The EM algorithm has two stages: the E-step, which assumes the population mean and variance are known, and the M-step, which uses these values to estimate the population mean and covariance matrix. This iteration process continues until the parameter estimates of interest no longer change significantly. Maximum likelihood methods for incomplete multivariate data, particularly in the case of normally distributed data, focus on estimating the observed data parameters, such as the vector of means and the variance-covariance matrix. If the data follow a multivariate normal distribution, one can apply known properties to estimate those unknown parameters (Pigott, 2001).

The imputation analysis consisted of two parts. First, the imputation procedure described by Mauricio et al. (2023) was replicated. Additionally, the descriptive statistical indicators were presented to comprehend the process better. The second part involved exclusively imputing data from the year 2023, because these were obtained at a later point in time. Figure 2 shows the percentages of missing data for the year 2023, for the Lima and Piura stations. The absence of data was mainly due to two reasons. First, during the first months of the year, the equipment was affected by the presence of heavy rains in the region, caused by cyclone Yaku and the El Niño Costero phenomenon. Secondly, during the year, there were some radar hardware failures. These unexpected situations forced the radars to be inoperative at certain intervals.
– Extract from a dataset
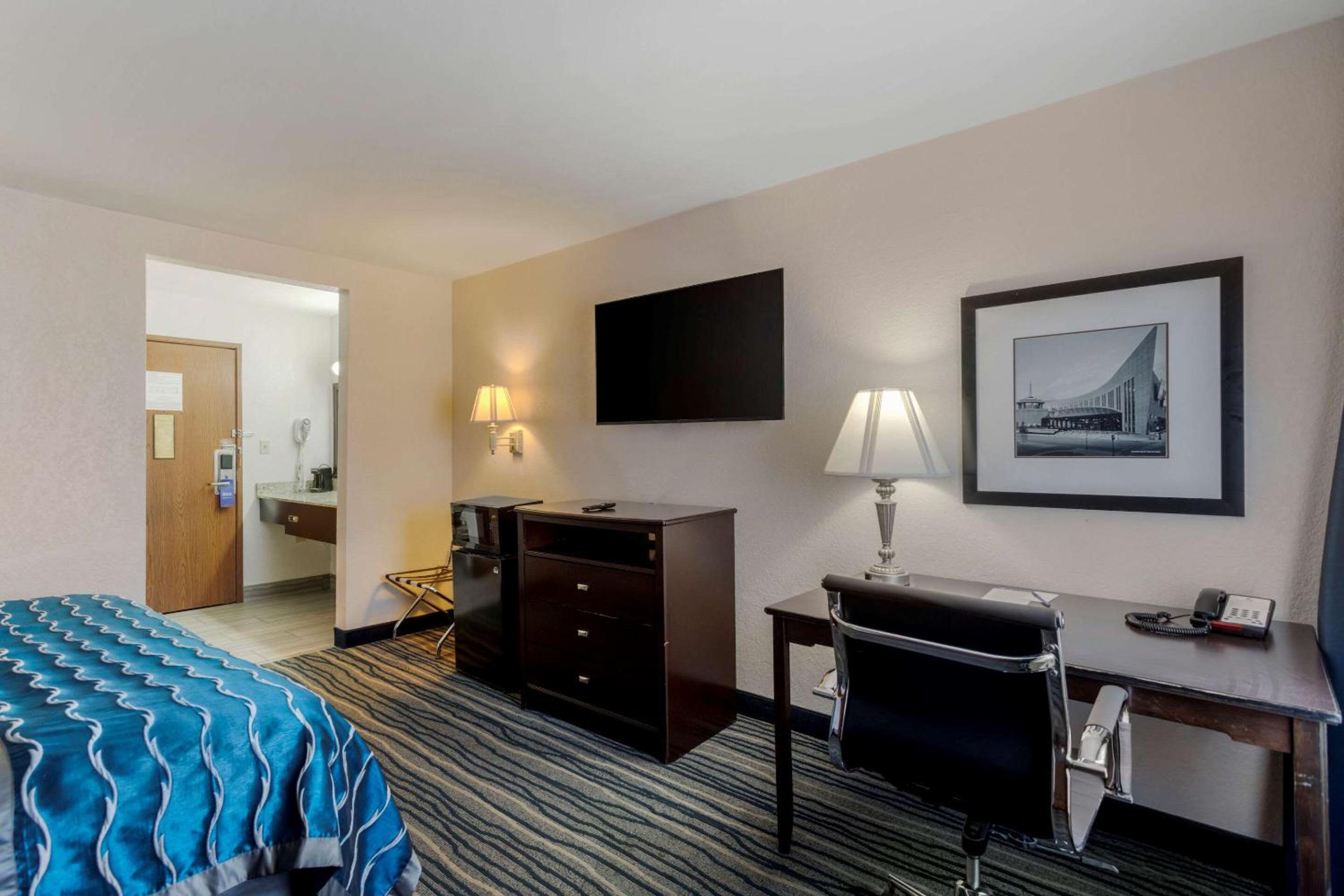 King Room - Non-Smoking - Photo 2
In case of high percentages of missing data, the time series is partitioned in such a way as to omit the time intervals with accumulated absences. The maximum percentage limit allowed in each subseries is 6%, which is an approximate value of that detected in the article of Mauricio et al. (2023). Then, for each subseries, the percentage is reanalyzed. If the percentage is less than 6%, we proceed with the estimation of the missing data. Otherwise, the time subseries are further separated until their percentages are lower than 6%.

2.3 Data preprocessing

Once the missing data are imputed, they are averaged every 3 h. Data not belonging to the year 2023 are divided chronologically into train (70%), validation (10%) and test (20%). Training and validation data are used for the building and optimization of the model, while the test data is used specifically for the metric evaluation. The intention is that the test data is not involved in the modeling and optimization, to avoid overfitting (Mauricio et al., 2023). Finally, each data block is normalized based on the training data, before moving on to the time series decomposition stage.
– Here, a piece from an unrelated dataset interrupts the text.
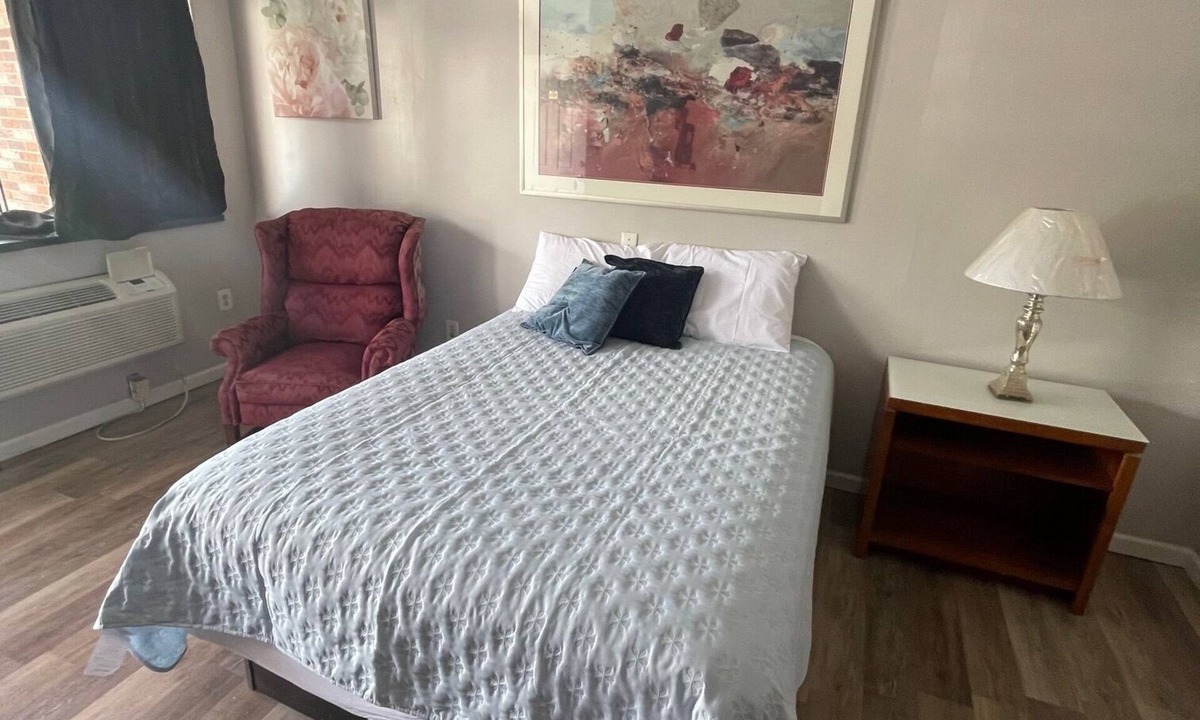 Winchester Hotel | ANS Inn has clean, spacious rooms located on 5 acres with little traffic.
2.4 Time serie decomposition

Variational mode decomposition (VMD) is a method used in signal processing. This method was proposed in 2014 to overcome the limitations of techniques such as wavelet analysis and Empirical Mode Decomposition (EMD). The VMD technique decomposes a sequence, such as wind time series, into multiple sub-sequences known as intrinsic modal function (IMF) components. The importance of VMD is its ability to optimally adapt the center frequency and bandwidth of each IMF according to the signal characteristics, which makes it effective in dealing with non-smoothness in data series, such as wind speed data (Yang et al., 2023). The VMD algorithm has as input a signal or time series $\mathrm{x}\left(\mathrm{t}\right)$, which is decomposed into subseries called modes or harmonic signals ${\mathrm{u}}_{\mathrm{k}}\left(\mathrm{t}\right)$, where k is the number of total modes.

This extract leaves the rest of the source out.